Мельком взглянув на него, Консуэло проронила несколько испанских слов и хотела пройти дальше, но Стомадор так бережно, хотя пылко, схватил ее руку, что она остановилась, не решаясь сердиться.
— Не уходите, не выслушав, — говорил Стомадор, растопырив руки, как будто ловил ее. — Сеньора, приговорен к смертной казни лучший мой друг, Джемс Гравелот, и на рассвете его повесят. Сеньора, помогите мне сказать такие слова, которые убедят вас! Идите к нему со мной, выслушайте и проводите его! Ваше сердце поймет это последнее желание, для которого слишком недостоин и груб мой язык, чтобы я мог его выразить!
Чувствуя серьезность нападения, видя расстроенное лицо, беспорядочную одежду, уже слегка зараженная неистовым волнением старого человека, Консуэло произнесла:
— Да простит бог его грешную душу, если это так, как вы говорите, добрый человек. Куда же вы зовете меня?
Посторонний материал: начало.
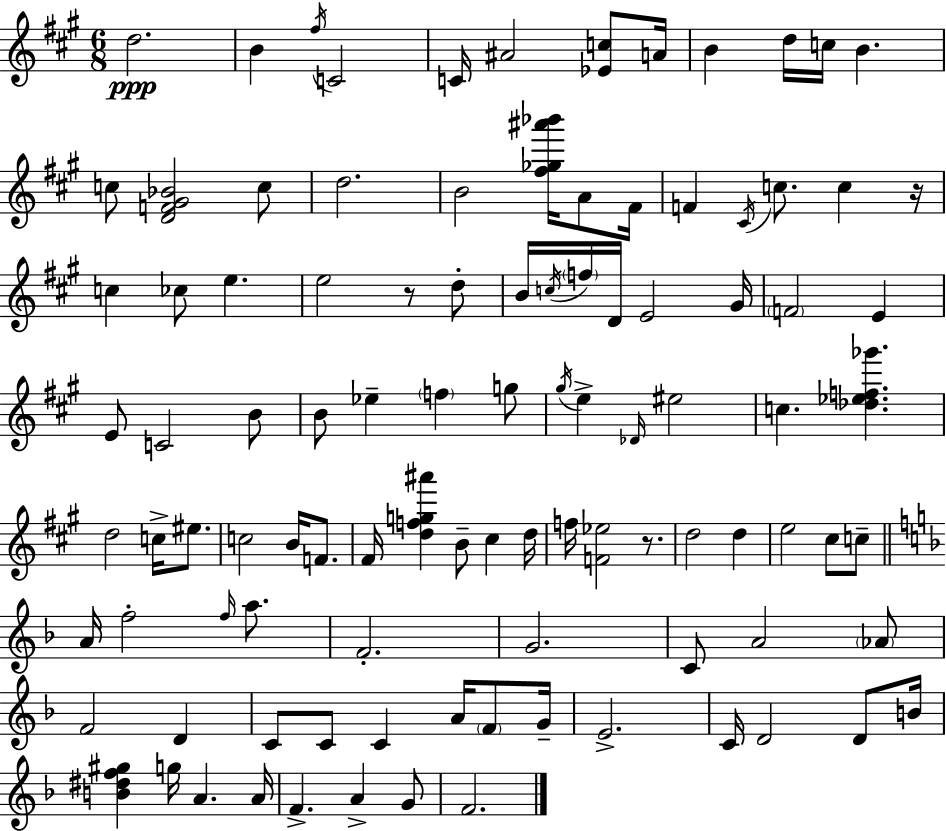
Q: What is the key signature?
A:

— В тюрьму, сеньора. Это не преступник, хотя и обвинен в перестрелке с таможней. Никто не верит в его преступность, так как его погубил Ван-Конет, сын губернатора. Гравелот ударил этого негодяя за подлый поступок. Месть, страх потерять выгодную невесту сгубили Гравелота. Но нет времени рассказывать все. Я вижу. вы сжалились, и ваша прекрасная душа бледнеет, как ваше лицо, слыша о преступлении. Вот его последнее желание, и судите, может ли так сказать черная душа: «Стомадор, обратись к первой женщине, которую встретишь. Если она стара, она будет мне мать, если молода, — станет сестрой, если ребенок, — станет моей дочерью». Судите же, чего не получил умирающий и как жестоко отказать ему, потому что он болен, неподвижен и готовится умереть!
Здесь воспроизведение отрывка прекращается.